Oldest son of the Chasam Sofer and Sorel, daughter of Rabbi Akiva Eger, he was known as the Ksav Sofer. After the Chasam Sofer’s death in 1839, the Ksav Sofer succeeded him as Rabbi and as head of the important Yeshiva in Pressburg, at the unusually young age of 24. Following n the footsteps of his illustrious father, the Ksav Sofer was a distinguished scholar as well as a strong and influential communal leader.
In 1868 a Jewish Congress was convened in Budapest to chart the course of Jewish communal autonomy in Hungary. The long smoldering conflict between the Orthodox and the Neologists (The Hungarian Reformers) climaxed in the formation of a separate Orthodox Community. The Ksav Sofer was the dominant Orthodox figure during this critical period.

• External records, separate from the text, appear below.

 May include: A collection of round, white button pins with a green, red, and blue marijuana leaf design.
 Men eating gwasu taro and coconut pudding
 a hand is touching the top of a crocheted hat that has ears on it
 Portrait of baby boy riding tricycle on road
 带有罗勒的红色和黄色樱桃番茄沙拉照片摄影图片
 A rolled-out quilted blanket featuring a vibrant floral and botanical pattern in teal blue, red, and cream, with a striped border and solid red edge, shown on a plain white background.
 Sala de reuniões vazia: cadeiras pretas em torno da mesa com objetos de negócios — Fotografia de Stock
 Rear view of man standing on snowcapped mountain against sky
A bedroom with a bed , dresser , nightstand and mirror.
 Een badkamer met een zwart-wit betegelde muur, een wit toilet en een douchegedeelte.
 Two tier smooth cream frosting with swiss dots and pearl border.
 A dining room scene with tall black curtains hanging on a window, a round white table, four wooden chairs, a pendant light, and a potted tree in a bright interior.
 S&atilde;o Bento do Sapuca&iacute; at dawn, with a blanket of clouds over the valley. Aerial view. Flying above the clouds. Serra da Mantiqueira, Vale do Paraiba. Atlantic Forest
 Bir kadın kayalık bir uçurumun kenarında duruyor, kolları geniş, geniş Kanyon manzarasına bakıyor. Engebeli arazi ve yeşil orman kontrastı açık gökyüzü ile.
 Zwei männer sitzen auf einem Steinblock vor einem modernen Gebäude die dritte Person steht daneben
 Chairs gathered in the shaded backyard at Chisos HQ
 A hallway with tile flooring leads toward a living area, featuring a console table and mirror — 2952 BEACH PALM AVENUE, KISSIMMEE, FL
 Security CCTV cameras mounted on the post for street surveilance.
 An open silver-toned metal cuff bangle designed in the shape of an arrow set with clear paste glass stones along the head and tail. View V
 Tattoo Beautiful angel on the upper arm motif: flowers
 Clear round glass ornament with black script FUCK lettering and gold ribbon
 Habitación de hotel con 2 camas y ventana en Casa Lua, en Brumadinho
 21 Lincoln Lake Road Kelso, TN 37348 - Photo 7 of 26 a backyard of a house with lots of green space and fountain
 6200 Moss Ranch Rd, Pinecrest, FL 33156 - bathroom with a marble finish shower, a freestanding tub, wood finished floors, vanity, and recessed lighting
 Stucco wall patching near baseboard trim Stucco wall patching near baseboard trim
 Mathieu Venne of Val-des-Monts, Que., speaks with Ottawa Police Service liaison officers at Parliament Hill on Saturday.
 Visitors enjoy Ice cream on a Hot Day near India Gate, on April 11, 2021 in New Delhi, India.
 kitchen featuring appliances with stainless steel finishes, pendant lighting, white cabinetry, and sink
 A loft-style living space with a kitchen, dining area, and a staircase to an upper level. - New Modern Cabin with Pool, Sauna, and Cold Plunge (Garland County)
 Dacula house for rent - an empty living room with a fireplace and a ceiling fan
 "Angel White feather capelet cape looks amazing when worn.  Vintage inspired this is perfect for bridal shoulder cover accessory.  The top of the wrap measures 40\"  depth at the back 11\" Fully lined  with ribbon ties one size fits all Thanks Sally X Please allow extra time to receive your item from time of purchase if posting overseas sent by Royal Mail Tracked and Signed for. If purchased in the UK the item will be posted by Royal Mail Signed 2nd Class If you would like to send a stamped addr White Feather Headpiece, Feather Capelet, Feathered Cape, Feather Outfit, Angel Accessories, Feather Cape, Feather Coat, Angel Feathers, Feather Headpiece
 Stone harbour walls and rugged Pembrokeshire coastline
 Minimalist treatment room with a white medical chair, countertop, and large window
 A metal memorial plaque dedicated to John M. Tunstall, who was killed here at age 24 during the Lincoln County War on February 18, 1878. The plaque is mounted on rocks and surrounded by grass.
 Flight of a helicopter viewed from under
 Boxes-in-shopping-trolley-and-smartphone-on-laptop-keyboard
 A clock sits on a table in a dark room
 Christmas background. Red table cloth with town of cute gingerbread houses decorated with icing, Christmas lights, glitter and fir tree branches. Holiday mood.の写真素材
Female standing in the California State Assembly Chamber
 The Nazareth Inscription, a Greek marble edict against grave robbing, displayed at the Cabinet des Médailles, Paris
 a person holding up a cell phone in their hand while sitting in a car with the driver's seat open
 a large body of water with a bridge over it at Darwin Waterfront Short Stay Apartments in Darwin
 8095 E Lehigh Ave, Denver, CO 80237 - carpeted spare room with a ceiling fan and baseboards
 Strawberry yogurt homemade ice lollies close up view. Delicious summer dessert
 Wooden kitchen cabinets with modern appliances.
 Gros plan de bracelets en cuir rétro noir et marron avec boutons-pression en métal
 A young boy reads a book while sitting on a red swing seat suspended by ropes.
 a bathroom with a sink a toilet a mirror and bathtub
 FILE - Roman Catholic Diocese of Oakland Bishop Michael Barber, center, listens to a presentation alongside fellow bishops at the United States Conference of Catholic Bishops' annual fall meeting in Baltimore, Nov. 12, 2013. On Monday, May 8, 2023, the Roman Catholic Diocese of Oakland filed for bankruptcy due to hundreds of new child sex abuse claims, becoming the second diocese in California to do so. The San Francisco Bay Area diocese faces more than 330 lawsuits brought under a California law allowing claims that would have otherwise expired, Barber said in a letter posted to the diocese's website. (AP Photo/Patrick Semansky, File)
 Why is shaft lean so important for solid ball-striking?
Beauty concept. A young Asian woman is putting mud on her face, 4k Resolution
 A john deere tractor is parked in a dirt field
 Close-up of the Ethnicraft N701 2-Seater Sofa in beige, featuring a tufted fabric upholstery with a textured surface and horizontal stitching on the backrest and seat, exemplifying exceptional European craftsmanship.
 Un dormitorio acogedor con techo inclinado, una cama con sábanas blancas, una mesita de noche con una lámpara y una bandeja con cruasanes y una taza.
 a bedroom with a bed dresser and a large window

The Pressburger Yeshiva was the single most important yeshiva in Hungary and produced rabbis as well as knowledgeable laymen up till the second world war. The battle to preserve authentic Judaism against the forces clamoring for radical change was successfully fought by the Ksav Sofer. The Ksav Sofer served as Rabbi of Pressburg for thirty three years, the exact number of years his father had served before him. His main works are the Ksav Sofer on Chumash and four volumes of responsa. In addition, a number of volumes on Talmud have appeared. After World War II, a number of his unpublished manuscripts were recovered and are in the process of being published.